• [Collected data]:

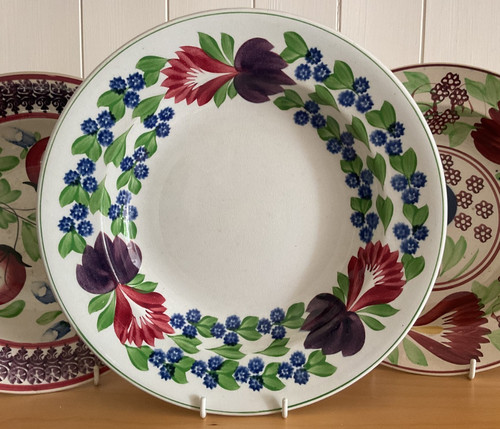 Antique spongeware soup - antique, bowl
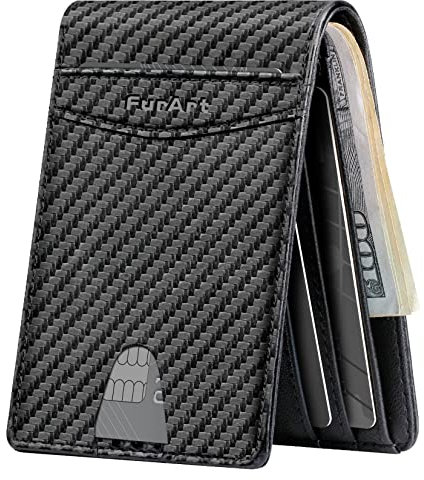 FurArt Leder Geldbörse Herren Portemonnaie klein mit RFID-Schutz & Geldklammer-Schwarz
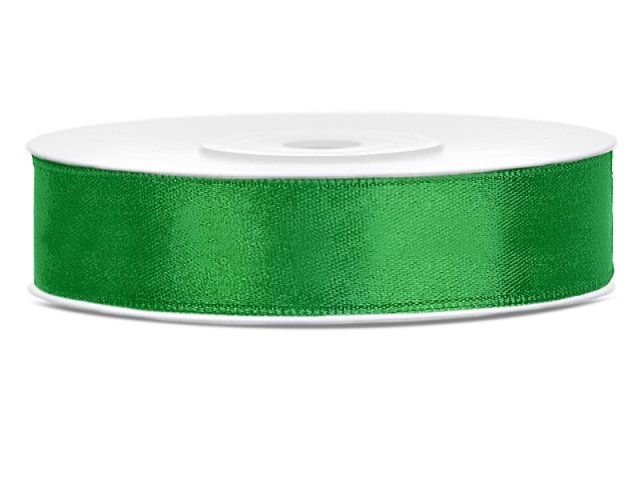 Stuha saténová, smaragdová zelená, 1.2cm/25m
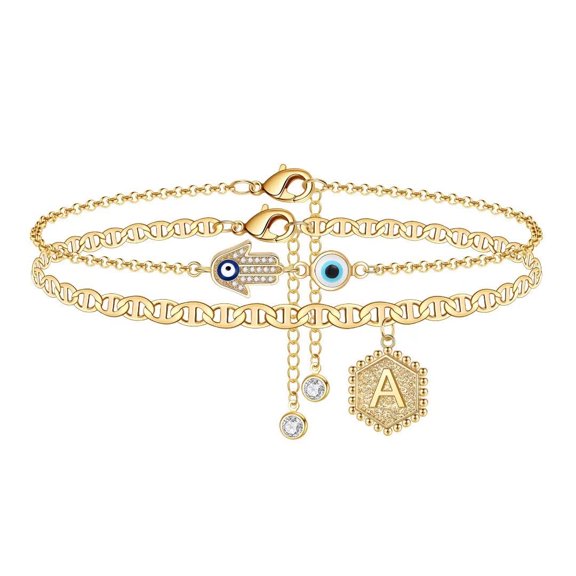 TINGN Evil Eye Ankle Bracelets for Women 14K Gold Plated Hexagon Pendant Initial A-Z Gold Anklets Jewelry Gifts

• [Exercise aim]: Give back the whole listing as it stands, minus its pictures.

• [Written solution]:
 Antique spongeware soup - antique, bowl
 FurArt Leder Geldbörse Herren Portemonnaie klein mit RFID-Schutz & Geldklammer-Schwarz
 Stuha saténová, smaragdová zelená, 1.2cm/25m
 TINGN Evil Eye Ankle Bracelets for Women 14K Gold Plated Hexagon Pendant Initial A-Z Gold Anklets Jewelry Gifts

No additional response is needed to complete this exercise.